• **Dataset excerpts**:
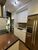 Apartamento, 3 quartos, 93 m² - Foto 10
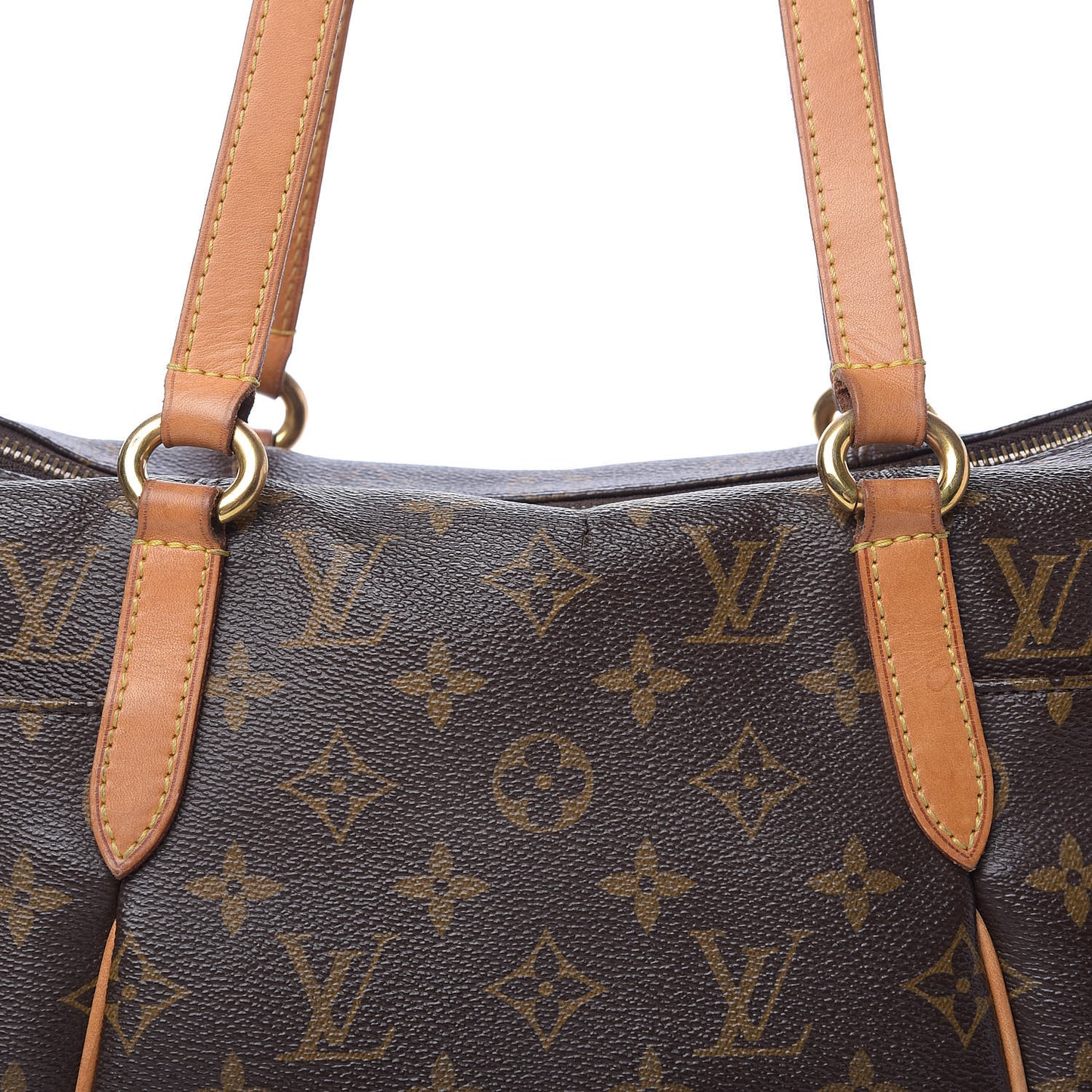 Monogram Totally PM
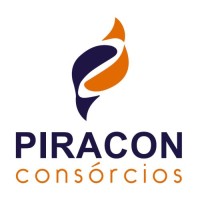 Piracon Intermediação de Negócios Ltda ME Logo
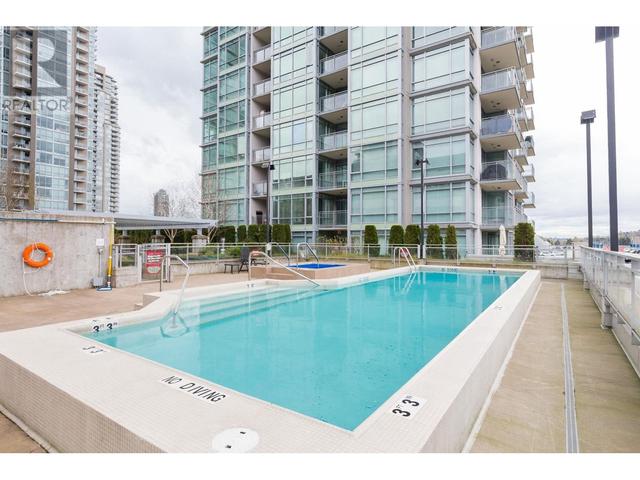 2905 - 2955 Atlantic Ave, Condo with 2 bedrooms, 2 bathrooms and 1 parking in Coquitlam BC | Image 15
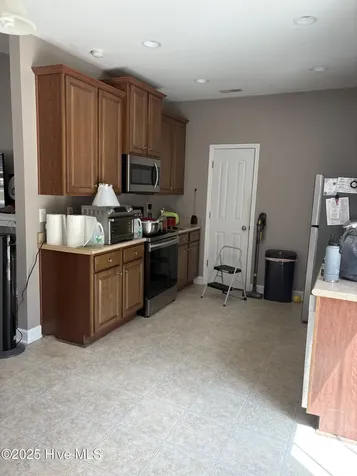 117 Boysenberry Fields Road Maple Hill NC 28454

• **Try it**:
The copy should hold exactly the lines from the line containing "2905 - 2955" through the end of the data, both ends included, and no pictures.

• **Response**:
 2905 - 2955 Atlantic Ave, Condo with 2 bedrooms, 2 bathrooms and 1 parking in Coquitlam BC | Image 15
 117 Boysenberry Fields Road Maple Hill NC 28454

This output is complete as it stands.